However, we acknowledge that predefined Tx/Rx configurations may have lower resolution due to fewer antenna elements. For instance, a 2×2 array might only achieve 2–3° resolution. GSRF can flexibly accommodate such settings by training and evaluating at the available resolution without modification, since the orthographic splatting and loss functions operate on arbitrary ray grids. This makes our method hardware-agnostic and adaptable.

For Single-Antenna Configurations. In single-antenna cases, the received signal is a scalar (power) aggregated omnidirectionally, per antenna theory and has no inherent angular resolution. Here, we discretize the spherical rendering at 1° to ensure thorough coverage of propagation paths while maintaining computational efficiency. Finer bins (e.g., 0.5°) increase the ray count without significant fidelity gains, while coarser bins (e.g., 5°) may miss interference patterns. Our 1° choice aligns with conventions in RF Computer-Aided Design (CAD) scene model-based simulation tools such as Wireless InSite and the MATLAB Ray Tracing toolbox.

Q4 – Multipath Effects

Thank you for your comment on how GSRF captures and validates multipath effects, and its dependency on ray tracing. We'll address this step by step, grounding our explanation in the model's design and empirical approach.

Design. GSRF is designed to capture multipath effects by representing the RF scene as a collection of complex-valued 3D Gaussians, where each Gaussian serves as a primitive that approximates a propagation path or interaction point.
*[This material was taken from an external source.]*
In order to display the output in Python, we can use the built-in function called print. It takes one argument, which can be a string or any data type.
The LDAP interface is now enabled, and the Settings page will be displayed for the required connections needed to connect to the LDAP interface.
This design is grounded in RF physics: multipath requires modeling multiple signal paths, each introducing amplitude attenuation and phase shifts. GSRF handles this using complex-valued radiance and transmittance attributes, encoded via a Fourier–Legendre basis that models directional and frequency-sensitive variations.
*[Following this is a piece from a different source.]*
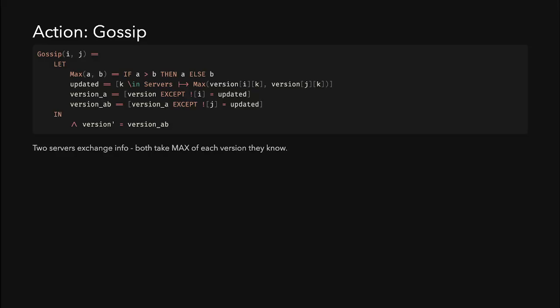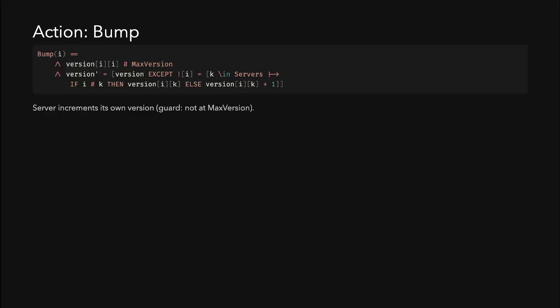An action of the state machine is to gossip — what's really happening is two servers exchange information, and that exchange results in both of them having the most up-to-date version information about all servers in the cluster. There's also the bump action, which means each server is capable of bumping its own version number up to the max version. It only updates its own version and leaves the cached version information about every other server in place.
The capture of multipath is inherently tied to our ray tracing process, which emits rays from the receiver across a spherical surface and aggregates the contributions of intersecting Gaussians. Transmittance encodes phase shifts and attenuation due to path length. Summing complex contributions allows for phase-based interference—constructive when the phase difference is near zero and destructive when near π. This process effectively discretizes the continuous wave propagation integral. Without ray tracing, these path-specific interactions would be lost, and aggregation would reduce to a naive amplitude blending, which is insufficient for RF modeling at centimeter-scale wavelengths.

Empirical Validation. For validation, we rely on real-collected datasets, where explicit ground-truth for multipath effects is unavailable due to the aggregated nature of measurements. Instead, we implicitly validate through the synthesized RF data's overall quality: if multipath were not captured, interference patterns would be inaccurate, leading to poor fidelity metrics.

Q5 – Antenna Beam Patterns

Thank you for your comment on the mechanisms for incorporating antenna beam patterns, including side lobes and directional attenuation, in GSRF. As a data-driven method, GSRF learns these characteristics implicitly from the training data rather than modeling them via explicit physics-based rules, allowing flexibility across antenna types.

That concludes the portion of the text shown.